**Problem:**
Output the entries below unchanged, except for the pictures.

· · ·

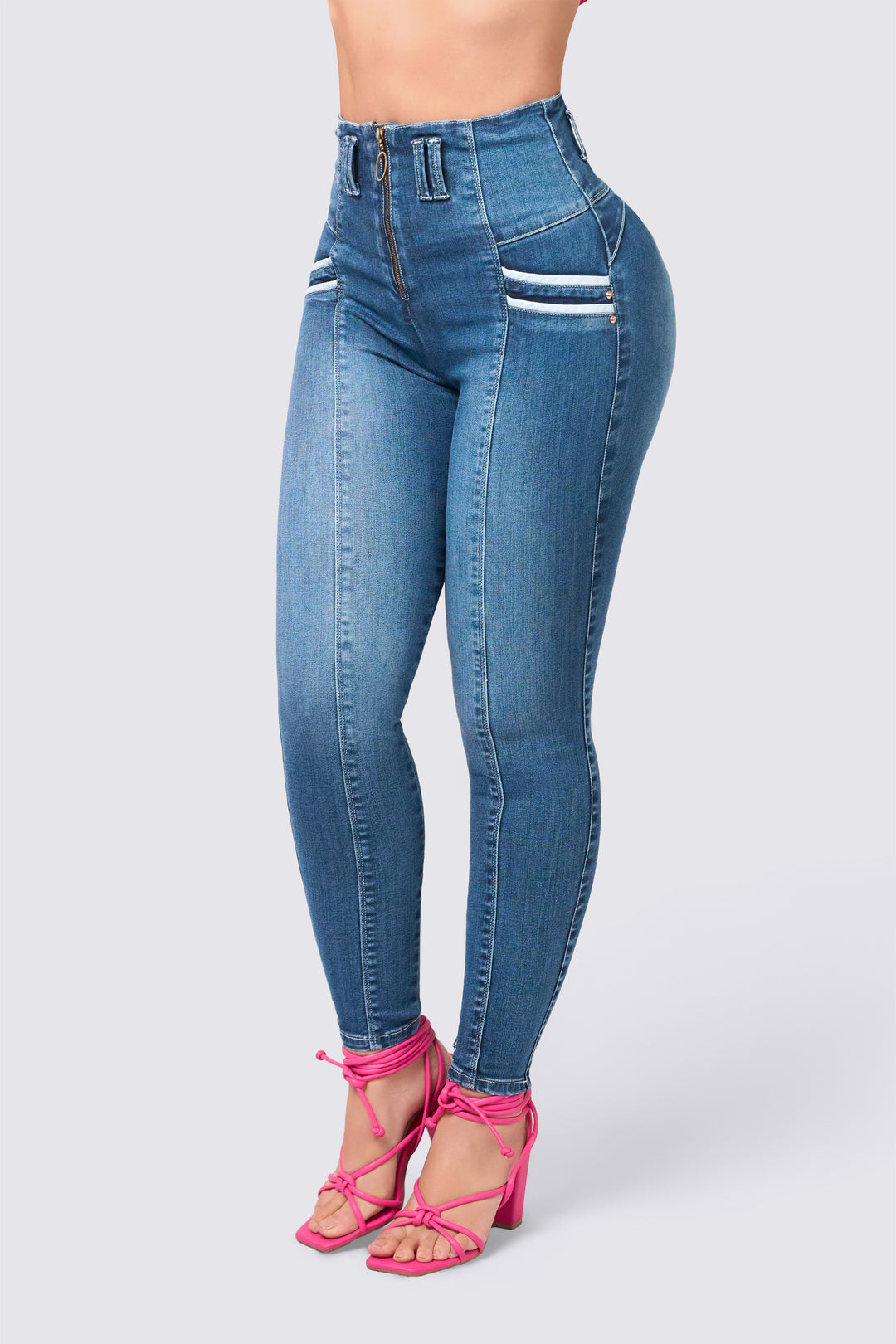Blue skinny jeans with a high waist, front closure, and seams that elongate the figure. 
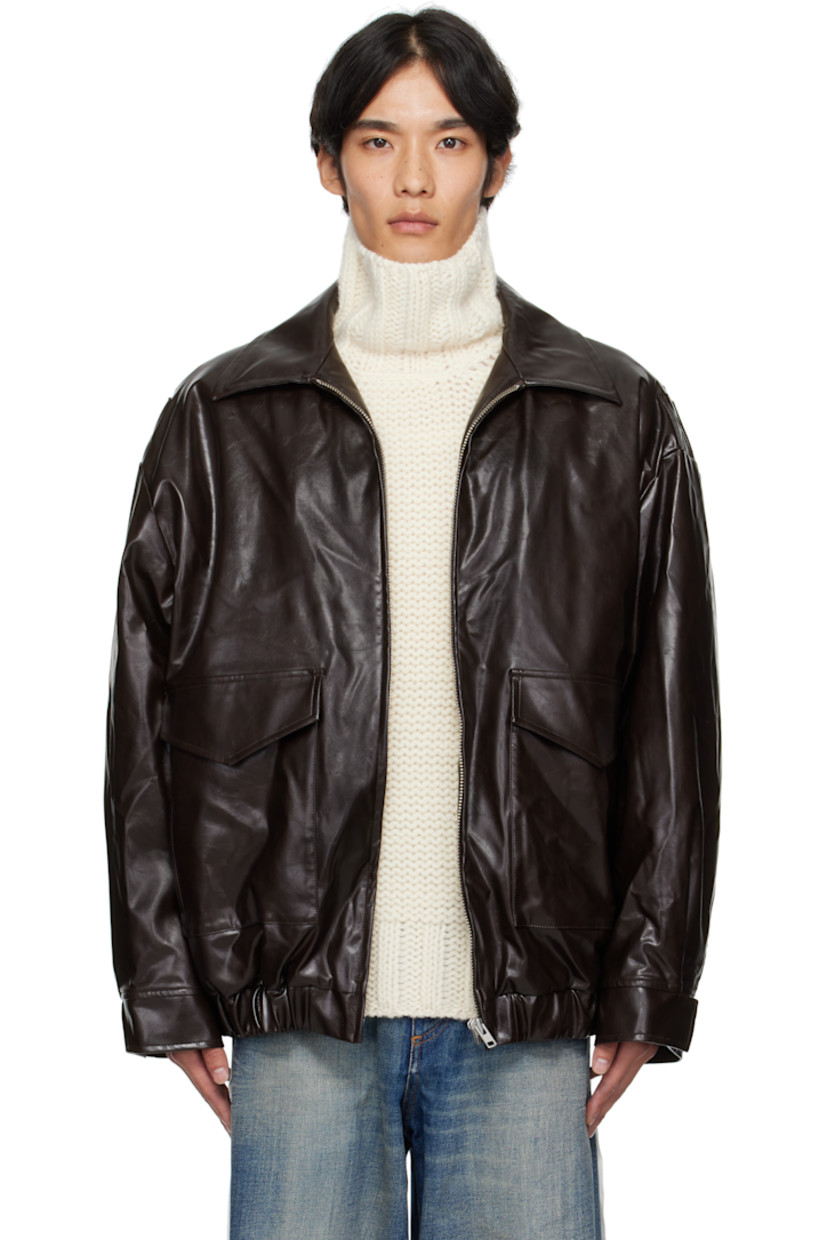 Insulated grained faux-leather jacket. 

· Spread collar
· Zip closure
· Flap pockets at front 
· Elasticized hem and cuffs
· White stitching at back collar 
· Welt pocket at interior 
· Full satin twill lining 

Supplier color: Burgundy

· · ·

**Task solution:**
Blue skinny jeans with a high waist, front closure, and seams that elongate the figure. 
 Insulated grained faux-leather jacket. 

· Spread collar
· Zip closure
· Flap pockets at front 
· Elasticized hem and cuffs
· White stitching at back collar 
· Welt pocket at interior 
· Full satin twill lining 

Supplier color: Burgundy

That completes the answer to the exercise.